The N95 respirator masks that are properly fitted and approved by the National Institute for Occupational Safety & Health (NIOSH) are far more effective than simple cloth masks, capable of filtering out up to 95 percent of particles in the air. However, the CDC largely avoided encouraging people to buy N95 masks during the initial stages of the pandemic due to the short supply.

But in the current scenario where N95 masks are in ample supply, the CDC is still hesitating from instructing people to use them. Instead, the agency has asked people to use masks that have two or more layers of breathable, washable fabric. 

Wen believes this is a mistake. “If we’re going to go as far as to say that masks are required — when we don’t come from a mask-wearing culture and people don’t like wearing masks — at least recommend that they wear the most effective mask,” Wen said.

The CDC also issued a warning on the prevalence of counterfeit respirator masks that are being sold as NIOSH-approved when they actually aren’t.
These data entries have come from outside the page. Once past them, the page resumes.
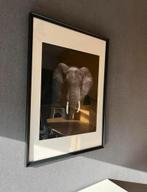 Olifant Fotoprint in Lijst - 50x72cm, Antiek en Kunst, Ophalen of Verzenden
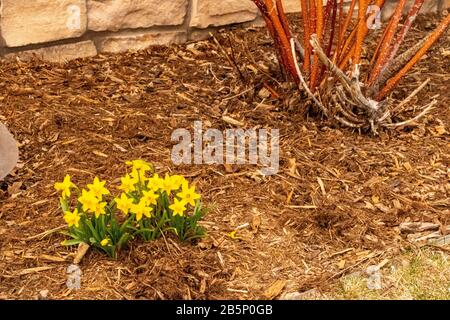 Printemps 2020 les jonquilles montrant leur couleur au début du mois de mars Banque D'Images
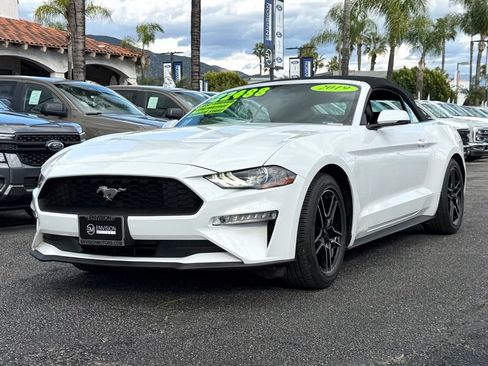 Certified 2019 Ford Mustang Premium image 4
According to the agency, NIOSH-approved masks will always feature one of the following designations: N95, N99, N100, R95, R99, R100, P95, P99, or P100.

“NIOSH-approved respirators have an approval label on or within the packaging of the respirator (i.e. on the box itself and/or within the users’ instructions). Additionally, an abbreviated approval is on the FFR itself. You can verify the approval number on the NIOSH Certified Equipment List (CEL) or the NIOSH Trusted-Source page to determine if the respirator has been approved by NIOSH,” the CDC says on its website.

However, simply wearing an N95 mask alone is not a guarantee of protection. The fit is also important. A study from Jan. 2021 found that most N95 masks failed to fit perfectly among the study participants.

“Fit is critical to the level of protection offered by respirators. For an N95 respirator to provide the promised protection, it must fit the participant. Performing a fit check via NHS self-assessment guidelines was an unreliable way of determining fit,” the study concluded.